# Clone/heal not working - nothing happens at all - help please



## judderman62 (May 12, 2013)

Hi all

Well once again lightroom frustrates me more than anything else on earth is capable of - do the developers design it to do this on purpose ?

I am trying to remove a seagull from an image. 

I click on the clone/heal, leave it on heal and when I place the circle over the seagull, the other circle goes over plain sky but the seagull does not get removed.

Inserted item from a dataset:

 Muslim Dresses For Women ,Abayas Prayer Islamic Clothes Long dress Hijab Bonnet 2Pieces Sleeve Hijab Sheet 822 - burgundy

is there some setting needs changing somehwere ? Is my software broken ?

many thanks

Mike


----------



## clee01l (May 12, 2013)

Heal attempts to blend the target circle with the source circle. Clone attempts to replace the target circle with the source. Both of these options feather the result to zero at the circle edge. In addition to the Clone/Heal choice, there is a percentage slider that determines what percentage of the result circle will come from the target circle.  Begin by moving that slider to 100% and then back off from that value until an acceptable result is achieved. Many of my clones use a setting of around 90%. I would never use the Heal option for the task that you are attempting.


----------



## judderman62 (May 12, 2013)

I have no such percentage slider - to clarify I am on lightroom 3


----------



## judderman62 (May 12, 2013)

ahhh it says opacity - that worked - it was down at zero for some reason

thanks a million


----------